* **Problem**:
Locate the line that contains "ZOÉ N. DRAGOUMIS". Copy it and every following line through the end of the records, exactly, and include nothing else.

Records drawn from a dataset
........

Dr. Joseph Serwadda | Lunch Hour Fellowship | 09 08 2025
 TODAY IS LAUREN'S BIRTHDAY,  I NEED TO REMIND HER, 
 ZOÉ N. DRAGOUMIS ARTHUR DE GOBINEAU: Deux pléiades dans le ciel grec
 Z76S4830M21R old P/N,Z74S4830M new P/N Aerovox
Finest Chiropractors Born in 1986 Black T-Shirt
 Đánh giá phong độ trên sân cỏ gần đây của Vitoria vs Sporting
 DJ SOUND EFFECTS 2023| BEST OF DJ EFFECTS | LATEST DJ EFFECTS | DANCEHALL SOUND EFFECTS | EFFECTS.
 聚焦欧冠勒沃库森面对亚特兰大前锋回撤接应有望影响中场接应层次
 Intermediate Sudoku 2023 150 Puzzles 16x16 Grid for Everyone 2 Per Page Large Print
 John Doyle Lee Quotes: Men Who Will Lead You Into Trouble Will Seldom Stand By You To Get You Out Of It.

........

* **Response box**:
 ZOÉ N. DRAGOUMIS ARTHUR DE GOBINEAU: Deux pléiades dans le ciel grec
 Z76S4830M21R old P/N,Z74S4830M new P/N Aerovox
Finest Chiropractors Born in 1986 Black T-Shirt
 Đánh giá phong độ trên sân cỏ gần đây của Vitoria vs Sporting
 DJ SOUND EFFECTS 2023| BEST OF DJ EFFECTS | LATEST DJ EFFECTS | DANCEHALL SOUND EFFECTS | EFFECTS.
 聚焦欧冠勒沃库森面对亚特兰大前锋回撤接应有望影响中场接应层次
 Intermediate Sudoku 2023 150 Puzzles 16x16 Grid for Everyone 2 Per Page Large Print
 John Doyle Lee Quotes: Men Who Will Lead You Into Trouble Will Seldom Stand By You To Get You Out Of It.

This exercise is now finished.